**** Extracted material

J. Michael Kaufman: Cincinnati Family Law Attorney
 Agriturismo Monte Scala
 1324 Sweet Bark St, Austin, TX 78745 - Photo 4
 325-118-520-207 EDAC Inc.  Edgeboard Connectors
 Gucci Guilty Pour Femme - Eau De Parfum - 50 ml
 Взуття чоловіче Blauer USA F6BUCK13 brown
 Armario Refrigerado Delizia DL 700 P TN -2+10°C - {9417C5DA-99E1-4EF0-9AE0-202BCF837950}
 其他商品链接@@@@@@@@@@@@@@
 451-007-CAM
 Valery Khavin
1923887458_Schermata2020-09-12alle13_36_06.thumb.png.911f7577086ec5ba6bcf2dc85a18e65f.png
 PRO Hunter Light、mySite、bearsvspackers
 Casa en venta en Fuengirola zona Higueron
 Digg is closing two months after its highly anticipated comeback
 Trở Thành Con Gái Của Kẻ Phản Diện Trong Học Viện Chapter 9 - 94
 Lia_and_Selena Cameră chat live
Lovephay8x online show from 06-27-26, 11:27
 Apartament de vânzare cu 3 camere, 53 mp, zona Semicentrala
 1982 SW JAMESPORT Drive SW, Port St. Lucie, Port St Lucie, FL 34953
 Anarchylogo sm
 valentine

********

__Exercise prompt__:
Repeat exactly, and only, the lines from the one containing "Valery Khavin" through the last line above.

__Solved problem__:
 Valery Khavin
1923887458_Schermata2020-09-12alle13_36_06.thumb.png.911f7577086ec5ba6bcf2dc85a18e65f.png
 PRO Hunter Light、mySite、bearsvspackers
 Casa en venta en Fuengirola zona Higueron
 Digg is closing two months after its highly anticipated comeback
 Trở Thành Con Gái Của Kẻ Phản Diện Trong Học Viện Chapter 9 - 94
 Lia_and_Selena Cameră chat live
Lovephay8x online show from 06-27-26, 11:27
 Apartament de vânzare cu 3 camere, 53 mp, zona Semicentrala
 1982 SW JAMESPORT Drive SW, Port St. Lucie, Port St Lucie, FL 34953
 Anarchylogo sm
 valentine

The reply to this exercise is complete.